• What you should do:
Everything in the records below goes into the copy exactly, except the pictures.
═════ Exercise materials ═════
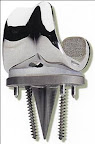 Click to Expand Titanium medical parts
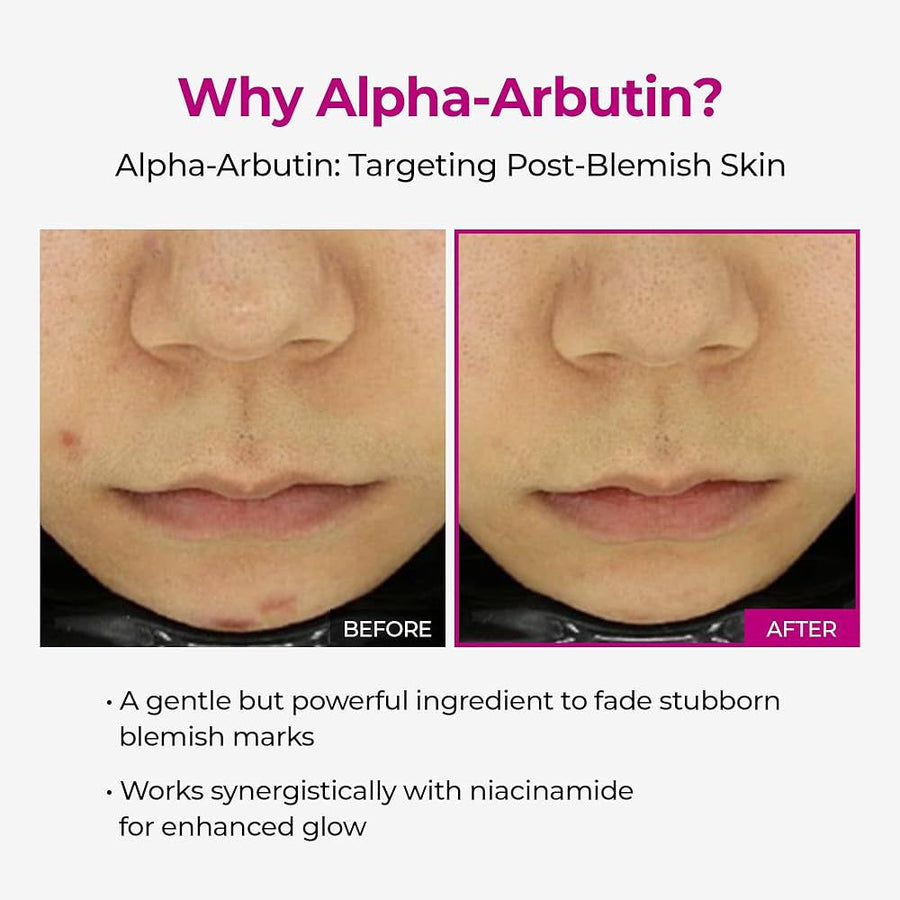 Dr.Melaxin Cemenrete Picotonic Shot Pigmentation Corrector Calcium Ampoule 30ml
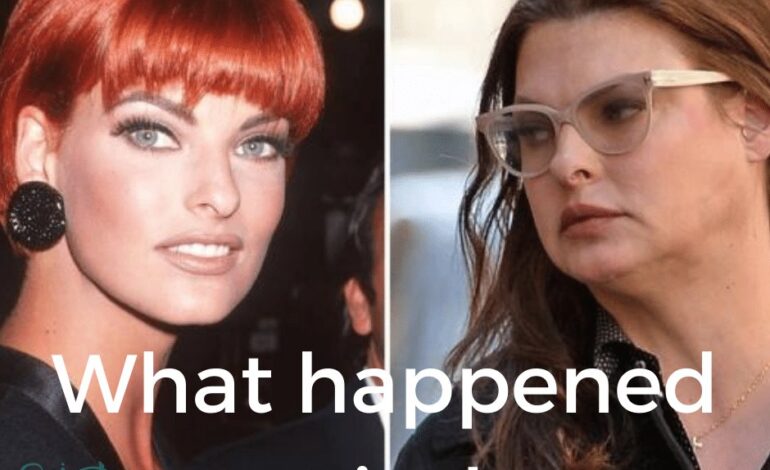 Supermodel’s Shocking Confession: Linda Evangelista’s Mirror Moment Reveals Painful Beauty Treatment Aftermath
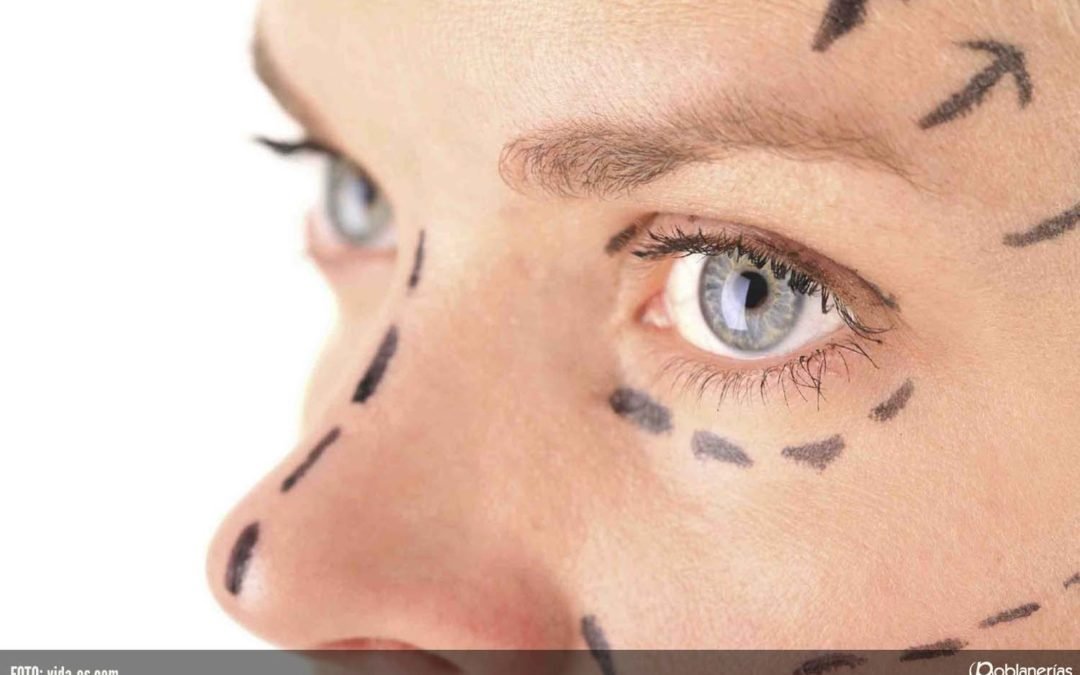 Rinoplastia o cirugÃa de nariz: ¿estética o funcional?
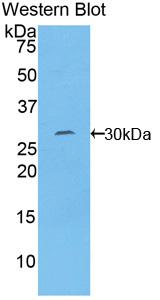 Polyclonal Antibody to Torsin 1B (TOR1B)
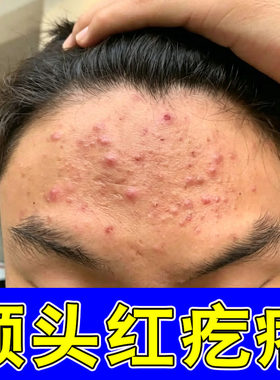额头上长疙瘩闭口粉刺的软膏儿童脸部长小疙瘩淡化修复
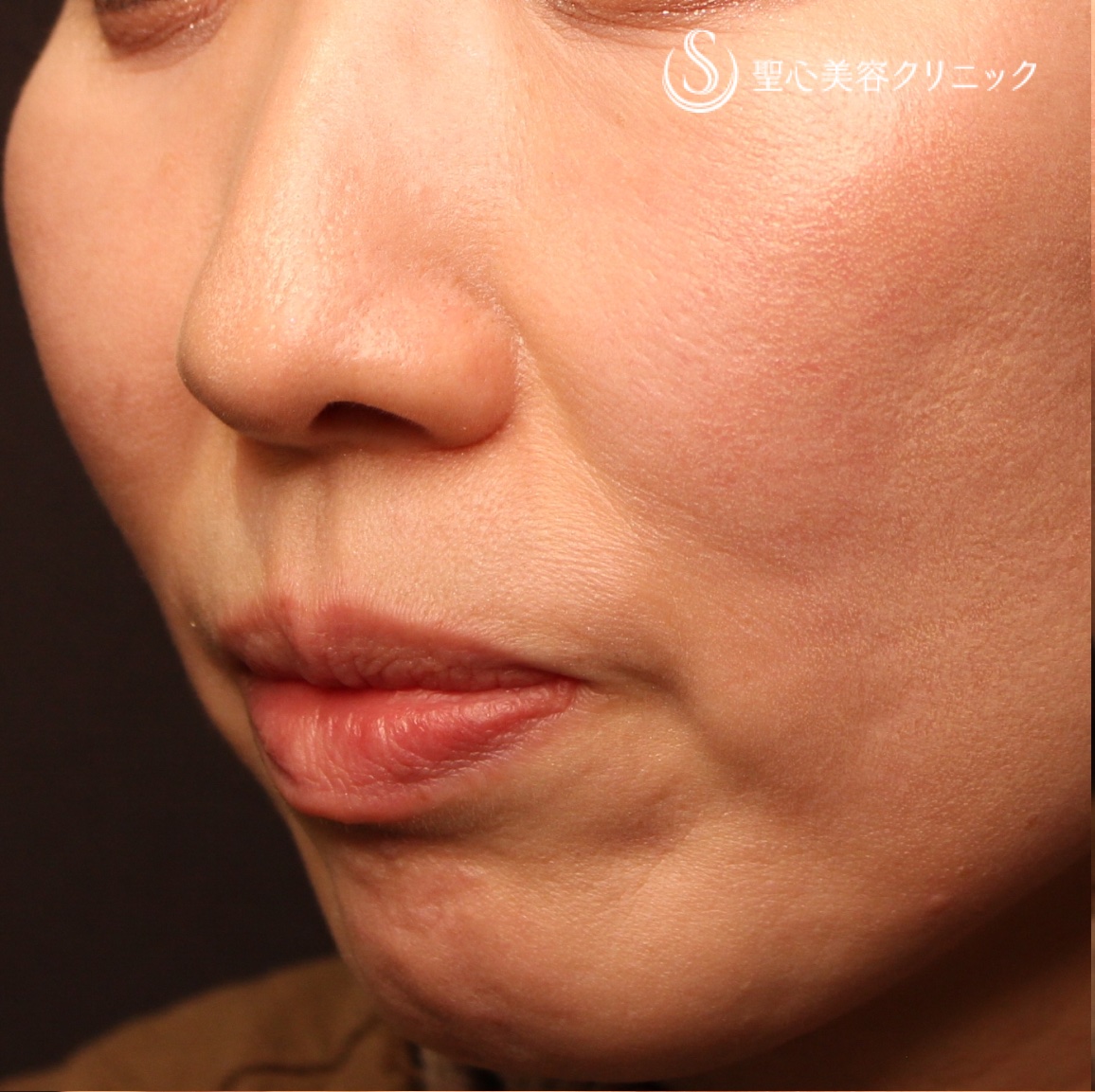 【50代女性・ほうれい線、マリオネットライン】プレミアムPRP皮膚再生療法（処置後7か月） Before 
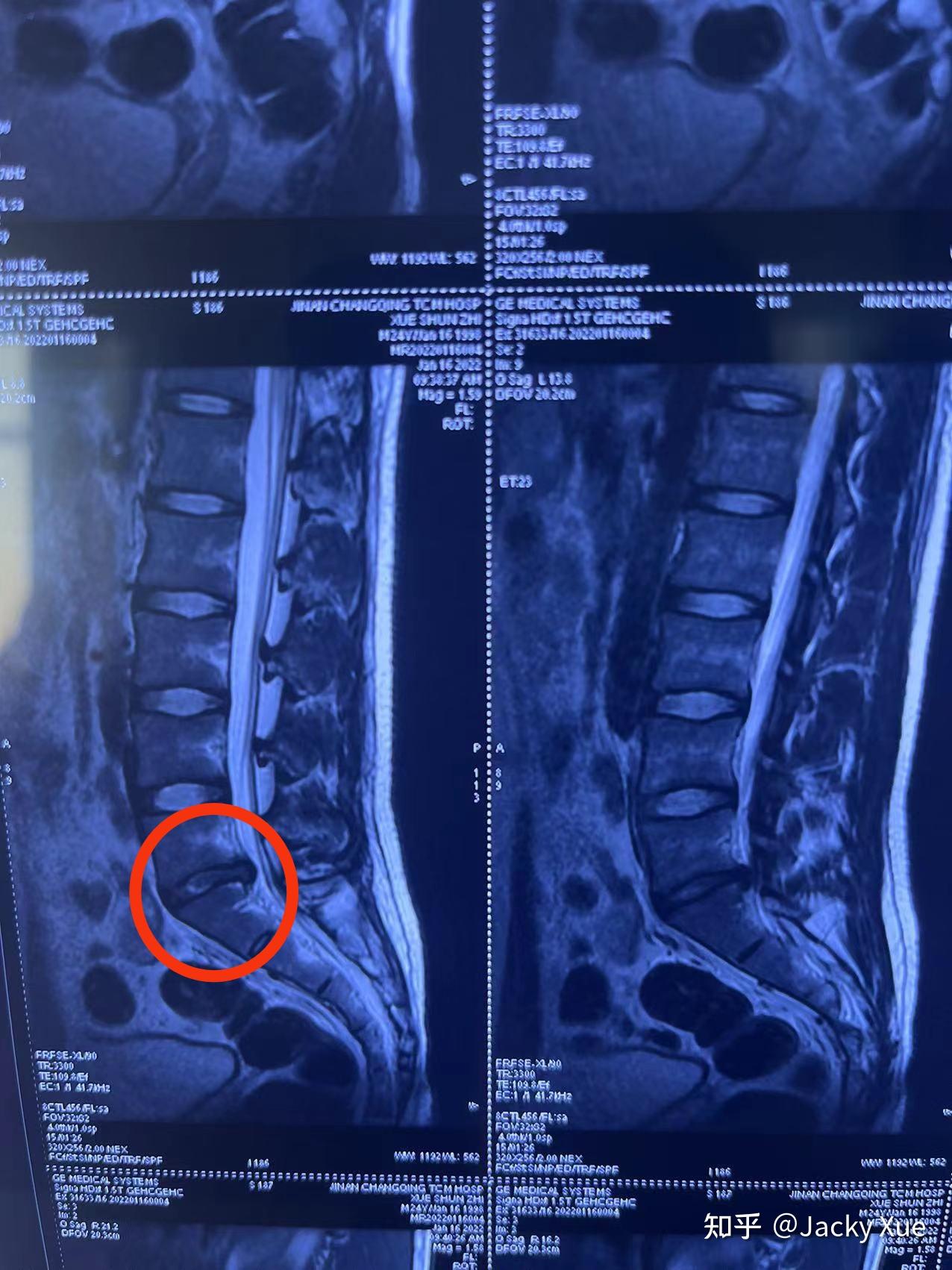 23岁l5s1腰椎间盘突出(脱出)引起脚麻的4个月记录
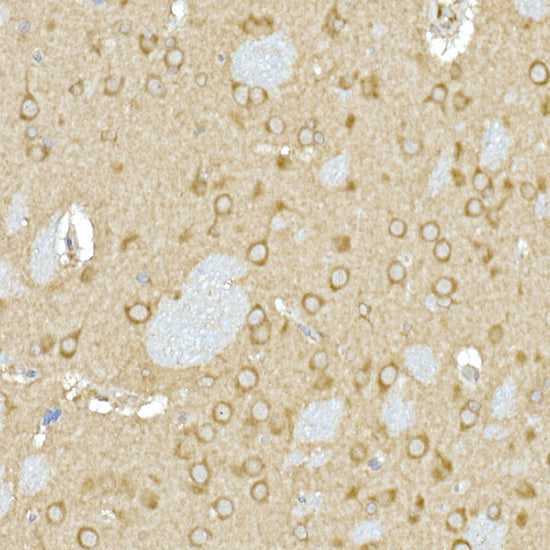 Calumenin Rabbit mAb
═════
• Reply:
 Click to Expand Titanium medical parts
 Dr.Melaxin Cemenrete Picotonic Shot Pigmentation Corrector Calcium Ampoule 30ml
 Supermodel’s Shocking Confession: Linda Evangelista’s Mirror Moment Reveals Painful Beauty Treatment Aftermath
 Rinoplastia o cirugÃa de nariz: ¿estética o funcional?
 Polyclonal Antibody to Torsin 1B (TOR1B)
额头上长疙瘩闭口粉刺的软膏儿童脸部长小疙瘩淡化修复
 【50代女性・ほうれい線、マリオネットライン】プレミアムPRP皮膚再生療法（処置後7か月） Before 
 23岁l5s1腰椎间盘突出(脱出)引起脚麻的4个月记录
 Calumenin Rabbit mAb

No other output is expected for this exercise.